After three incumbents lost their seats and a fourth — Rep. Gerald Connolly (D) — narrowly escaped defeat in 2010, Virginia’s congressional incumbents are building solid financial firewalls ahead of next year’s elections, according to the latest Federal Election Commission filings.

The redistricting process has yet to be completed in Virginia, but the final map is likely to make most — if not all — of the state’s incumbent lawmakers safer. That includes the 11th district of Connolly, who reported raised $228,000 from July through September and had $607,000 in the bank as of Sept. 30.

Connolly’s likeliest opponent, retired Army Col. Chris Perkins (R), took in just $35,000 over the same period and had $84,000 on hand.

Next door in the 10th district, Rep. Frank Wolf (R) — who often maintains a slower fundraising pace in non-election years — raised $135,000 in the 3rd quarter and had $309,000 in the bank at the end of September. His Democratic challenger, retired Air Force Gen. John Douglass, took in $118,000 over the three-month period, with $68,000 left over.

Not surprisingly, House Majority Leader Eric Cantor (R) proved to be the strongest congressional fundraiser in Virginia. Cantor raked in $708,000 for the quarter and reported $2.1 million in the bank.
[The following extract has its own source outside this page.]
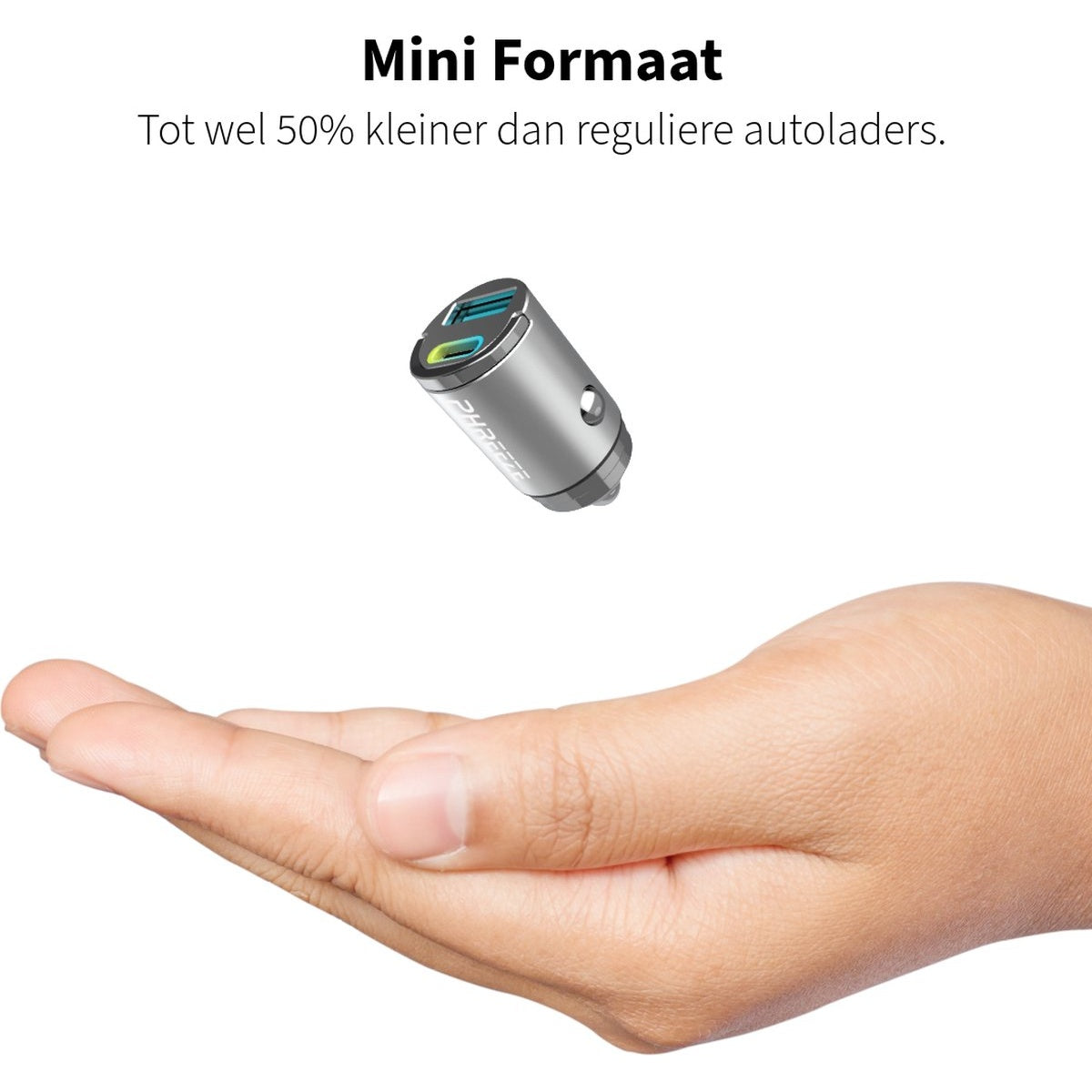 A silver car charger held in a hand, Dutch text about the charger.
Lawyer E. Wayne Powell (D), who is running against Cantor, raised $20,000 in three months and had $19,000 left over.

The best performance by a challenger in the state came from Virginia Beach businessman Paul Hirschbiel (D), who is looking to unseat freshman Rep. Scott Rigell (R) in the Hampton Roads-based 2nd district. Hirschbiel raised $306,000 for the quarter and had $267,000 in the bank.

Rigell, the wealthy owner of multiple car dealerships, took in $313,000 for the quarter and had a $618,000 war chest as of Sept. 30.

The state’s other two freshman Republicans — Reps. Morgan Griffith and Robert Hurt — raised $63,000 and $133,000 respectively. Hurt had $413,000 in the bank while Griffith was sitting on $183,000.